Tatsächlich stehen der erste Konfessionskrieg der Moderne und der Begriff Putsch in einem klandestinen Zusammenhang. In beiden militärischen Auseinandersetzungen entzündeten sich die Gegensätze von Stadt und Land, von Tradition und Moderne, bewährten sich oder versagten neue und alte Gemeinschaften und Bündnisse, wobei religiöse Bekenntnisse, Zeichen und Rituale Motivationen und symbolischen Zusammenhalt boten.
Brot und Milch
Mit der Reformation in den Eidgenössischen Orten setzten sich kurz nach 1500 tendenziell bürgerliche Gemeinschaften gegen feudale Herrschaftsausübung durch. Die Spannungen zwischen den offen reformatorischen Städten und den katholischen Orten entluden sich im Ersten Kappeler Krieg 1529, der diese Bezeichnung nicht ganz zu Recht trägt, denn bei jener Auseinandersetzung kam es zu keinen direkten Kampfhandlungen. 1529 ging auf Betreiben Huldrych Zwinglis die Stadt Zürich mit dem protestantischen Bistum Konstanz einen Bund ein, der in erster Linie als kalkulierter Affront gegen Österreich und das Haus Habsburg und in zweiter Linie gegen die katholischen Orte Luzern, Uri, Schwyz, Unterwalden und Zug gewertet werden musste, die sich nun ihrerseits gegen die reformierten Städte verbündeten. Zwinglis Kalkül bestand darin, durch einen präventiven Waffengang den Gegner zu neutralisieren. Den Zürchern fehlte dazu nur noch ein Kriegsgrund. Den lieferten im Mai 1529 die Schwyzer. Sie verbrannten den reformierten Pfarrer Jakob Kaiser als Ketzer, nachdem die Zürcher ein Jahr zuvor einen katholischen Feldweibel hatten hinrichten lassen.

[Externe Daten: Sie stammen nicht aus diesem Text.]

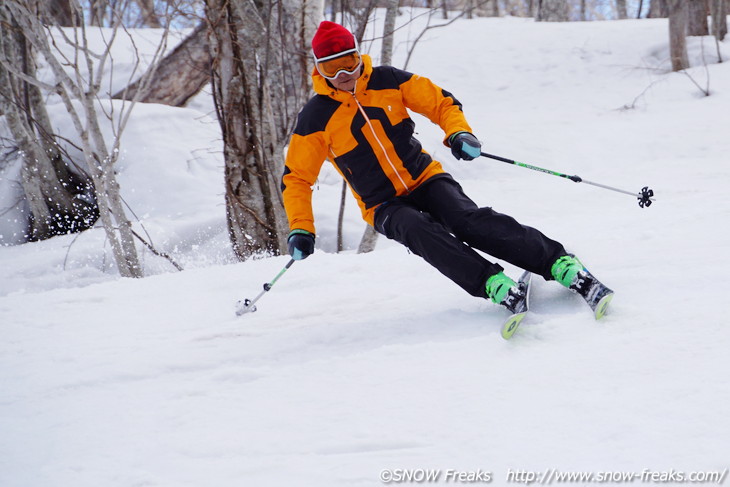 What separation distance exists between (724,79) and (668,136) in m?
2.41

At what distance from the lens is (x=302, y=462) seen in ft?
5.60

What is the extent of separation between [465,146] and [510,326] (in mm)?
908

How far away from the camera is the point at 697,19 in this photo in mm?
11172

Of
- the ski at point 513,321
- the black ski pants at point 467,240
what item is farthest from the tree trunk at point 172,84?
the ski at point 513,321

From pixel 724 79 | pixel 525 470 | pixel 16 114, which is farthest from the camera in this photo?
pixel 724 79

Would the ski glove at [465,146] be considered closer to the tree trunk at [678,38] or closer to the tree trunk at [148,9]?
the tree trunk at [148,9]

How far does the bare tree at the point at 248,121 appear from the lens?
16.1 ft

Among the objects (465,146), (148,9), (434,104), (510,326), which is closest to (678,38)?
(148,9)

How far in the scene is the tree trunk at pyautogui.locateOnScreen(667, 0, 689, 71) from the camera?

Anfang Juni machten Zürcher und Berner gegen die altgläubigen Orte mobil. Sie zogen mit annähernd 12.000 Mann über den Höhenzug des Albis auf die Hochebene beim Kloster Kappel, wo sie 9.000 Katholiken gegenüberstanden, wobei neutrale Innerschweizer Orte bereits Vermittlungsdiplomatie betrieben. Sie verhinderten eine blutige Auseinandersetzung, die bei der damaligen Kriegsführung hunderte Tote, grauenvoll Verstümmelte und psychische Wracks bedeutet hätte. Kampflos wurde am 26. Juni 1529 der erste Kappeler Landfriede geschlossen, der Friede, der, wie es die Fama will, durch ein eucharistisches Versöhnungsessen von Brot und Milch, die Kappeler Milchsuppe, besiegelt wird.
Die Vereinbarungen sind bis heute vorbildlich: Jede Gemeinde durfte autonom durch Mehrheitsbeschluss den alten oder neuen Glauben annehmen. Und ebenso wie die Reformation in der Eidgenossenschaft durch die fünf katholischen Orte formell anerkannt wurde erhielten diese im Gegenzug ihren Glauben garantiert. Somit wurde hier zum ersten Mal in der Geschichte das friedliche und gleichwertige Nebeneinander der zerstrittenen Konfessionen besiegelt.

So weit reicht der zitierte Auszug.